Yacy stops after some hours

I have Yacy running v1.924_20210209 running on a FreeBSD host.
It starts fine, has already crawled some sites and is connected p2p.

But each time I start it, it stops after some hours and I can’t find anything relevant in the logs at DATA/LOG except maybe for a threaddump.txt file.
The threaddump.txt has mtime of 10h02
The last yacy00.log has mtime of 10h07

The threaddump.txt file contents is at https://termbin.com/psvr

What should I do?

Started it again and it stopped after a few hours.
The last lines outputted were:

I 2022/04/17 17:42:16 STACKCRAWL URL 'https://github.com/flathub/org.onionshare.OnionShare' file extension is not supported and indexing of linked non-parsable documents is disabled.
I 2022/04/17 17:42:16 REJECTED https://github.com/flathub/org.onionshare.OnionShare - URL 'https://github.com/flathub/org.onionshare.OnionShare' file extension is not supported and indexing of linked non-parsable documents is disabled.
I 2022/04/17 17:42:16 REJECTED https://www.githubstatus.com/ - url does not match must-match filter (smb|ftp|https?)://(www.)?(\Qgithub.com\E.*)
I 2022/04/17 17:42:16 REJECTED https://github.githubassets.com/images/modules/profile/badge--acv-64.png - url does not match must-match filter (smb|ftp|https?)://(www.)?(\Qgithub.com\E.*)
I 2022/04/17 17:42:16 REJECTED https://docs.github.com/categories/setting-up-and-managing-your-github-profile - url does not match must-match filter (smb|ftp|https?)://(www.)?(\Qgithub.com\E.*)
I 2022/04/17 17:42:16 REJECTED https://education.github.com/ - url does not match must-match filter (smb|ftp|https?)://(www.)?(\Qgithub.com\E.*)
I 2022/04/17 17:42:16 REJECTED https://lab.github.com/ - url does not match must-match filter (smb|ftp|https?)://(www.)?(\Qgithub.com\E.*)
I 2022/04/17 17:42:16 REJECTED https://support.github.com/?tags=dotcom-footer - url does not match must-match filter (smb|ftp|https?)://(www.)?(\Qgithub.com\E.*)
I 2022/04/17 17:42:16 SWITCHBOARD Excluded 14 words in URL https://github.com/proletarius101
I 2022/04/17 17:42:16 Fulltext indexing: L6rZksS6MKD4 https://github.com/proletarius101
Killed

It exited with error code 137:

$ echo $?
137

How many crawlers are you running? What does the System Status page report for memory usage?

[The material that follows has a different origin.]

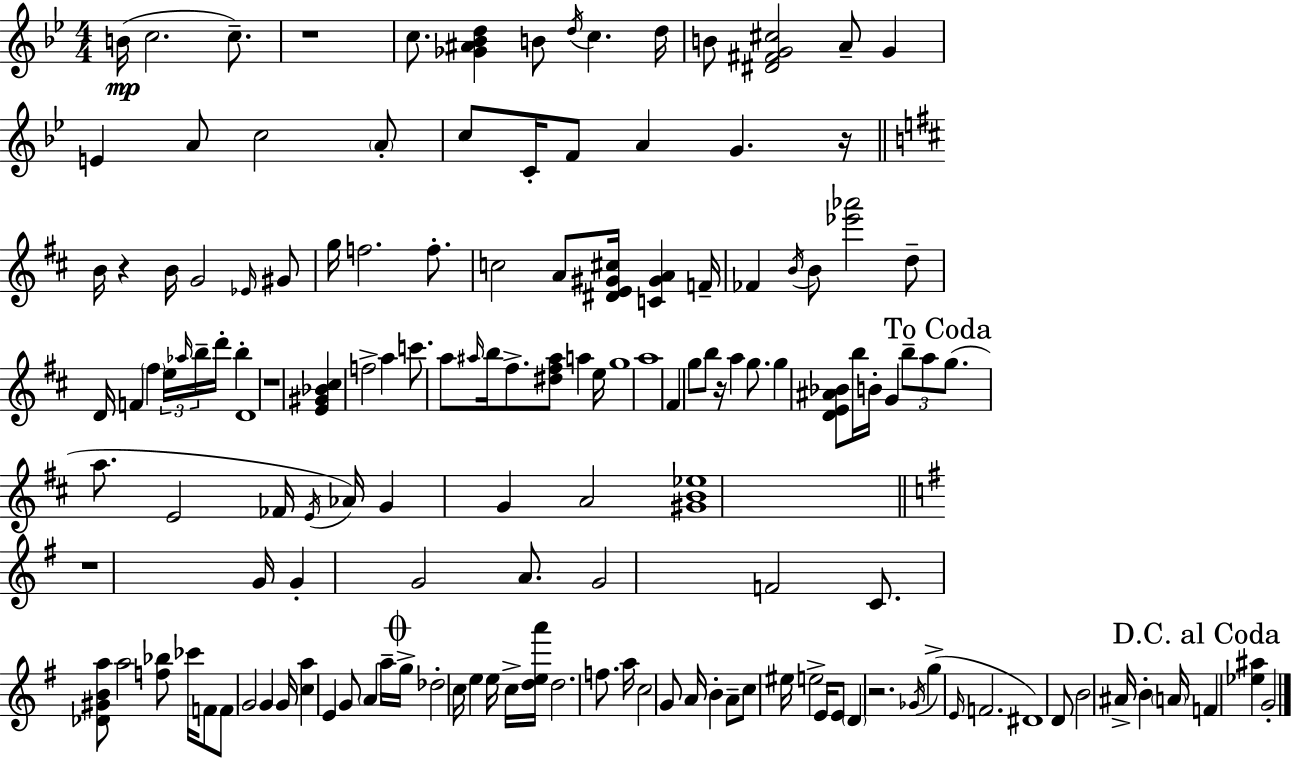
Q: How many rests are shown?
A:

The first time it happened with only three or four crawlers.
At later times, about eight were running.

Today, there was some error output:

        at net.yacy.cora.federate.solr.connector.MirrorSolrConnector.add(MirrorSolrConnector.java:204)
        at net.yacy.search.index.Fulltext.putDocument(Fulltext.java:370)
        at net.yacy.search.index.Segment.putDocument(Segment.java:556)
        at net.yacy.search.index.Segment.storeDocument(Segment.java:639)
        at net.yacy.search.Switchboard.storeDocumentIndex(Switchboard.java:3468)
        at net.yacy.search.Switchboard.storeDocumentIndex(Switchboard.java:3382)
        at net.yacy.search.Switchboard$7.process(Switchboard.java:1058)
        at net.yacy.search.Switchboard$7.process(Switchboard.java:1054)
        at net.yacy.kelondro.workflow.InstantBlockingThread.job(InstantBlockingThread.java:72)
        at net.yacy.kelondro.workflow.AbstractBlockingThread.run(AbstractBlockingThread.java:82)
        at java.util.concurrent.Executors$RunnableAdapter.call(Executors.java:511)
        at java.util.concurrent.FutureTask.run(FutureTask.java:266)
        at java.util.concurrent.ThreadPoolExecutor.runWorker(ThreadPoolExecutor.java:1149)
        at java.util.concurrent.ThreadPoolExecutor$Worker.run(ThreadPoolExecutor.java:624)
        at java.lang.Thread.run(Thread.java:748)
Caused by: org.apache.lucene.store.AlreadyClosedException: this IndexWriter is closed
        at org.apache.lucene.index.IndexWriter.ensureOpen(IndexWriter.java:680)
        at org.apache.lucene.index.IndexWriter.ensureOpen(IndexWriter.java:694)
        at org.apache.lucene.index.IndexWriter.updateDocument(IndexWriter.java:1613)
        at org.apache.lucene.index.IndexWriter.updateDocument(IndexWriter.java:1608)
        at org.apache.solr.update.DirectUpdateHandler2.updateDocOrDocValues(DirectUpdateHandler2.java:969)
        at org.apache.solr.update.DirectUpdateHandler2.doNormalUpdate(DirectUpdateHandler2.java:341)
        at org.apache.solr.update.DirectUpdateHandler2.addDoc0(DirectUpdateHandler2.java:288)
        at org.apache.solr.update.DirectUpdateHandler2.addDoc(DirectUpdateHandler2.java:235)
        ... 45 more
Caused by: java.lang.OutOfMemoryError: GC overhead limit exceeded

The command invoked that was shown under ps is

yacy      5525 259.7 27.2 2969172 984388 15  INJ  22:39       124:20.38 /usr/local/openjdk8-jre/bin/java -Xms90m -Xmx600m -server -Djav

I

'l like to answer about memory, but it seems that I cannot start anymore the service.
When tried to start it, got

 >> YaCy started as daemon process. Administration at http://localhost:8090 <<
70_search@70_search:~/yacy $ W 2022/04/18 23:41:57 Cache file and metadata size is not equal, starting a cleanup thread...
W 2022/04/18 23:42:00 BROWSER System unknown
W 2022/04/18 23:42:09 YACY rejected bad yacy news record (3): attributes length (1026) exceeds maximum (974)
W 2022/04/18 23:42:40 YACY rejected bad yacy news record (3): attributes length (1026) exceeds maximum (974)
Control+C
Caused by: java.lang.OutOfMemoryError: GC overhead limit exceeded

Looks like you ran out of memory. How much memory does your machine have?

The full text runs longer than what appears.